# INFORMATION GIVEN

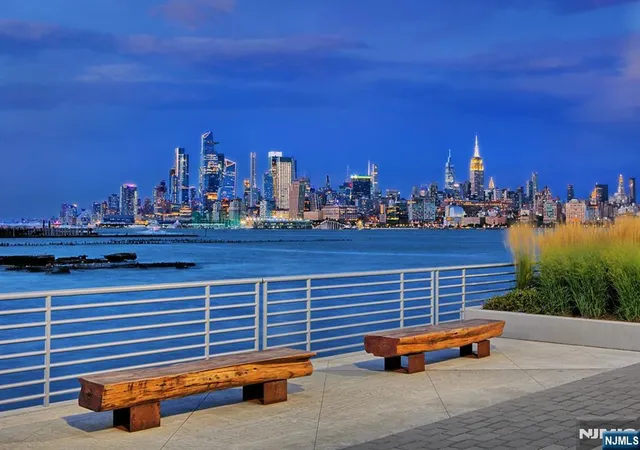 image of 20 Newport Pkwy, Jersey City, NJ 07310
--
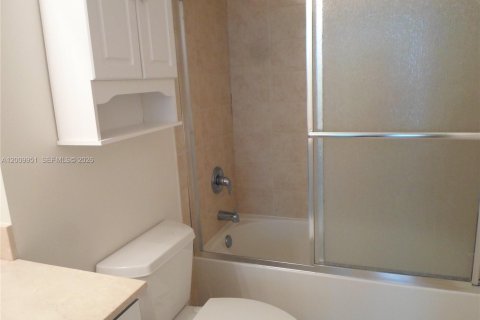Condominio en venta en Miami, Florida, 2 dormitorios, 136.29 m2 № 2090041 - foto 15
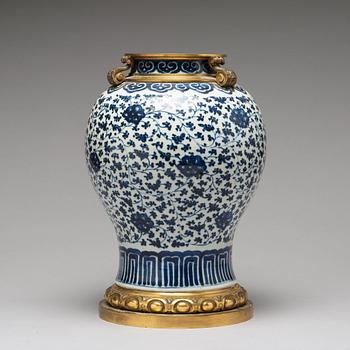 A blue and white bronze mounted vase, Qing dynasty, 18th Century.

# WHAT YOU NEED TO DO
Copy word for word only the lines above from the one with "Condominio en venta" through the one with "A blue and white". Leave pictures out.

# FINISHED TASK
Condominio en venta en Miami, Florida, 2 dormitorios, 136.29 m2 № 2090041 - foto 15
 A blue and white bronze mounted vase, Qing dynasty, 18th Century.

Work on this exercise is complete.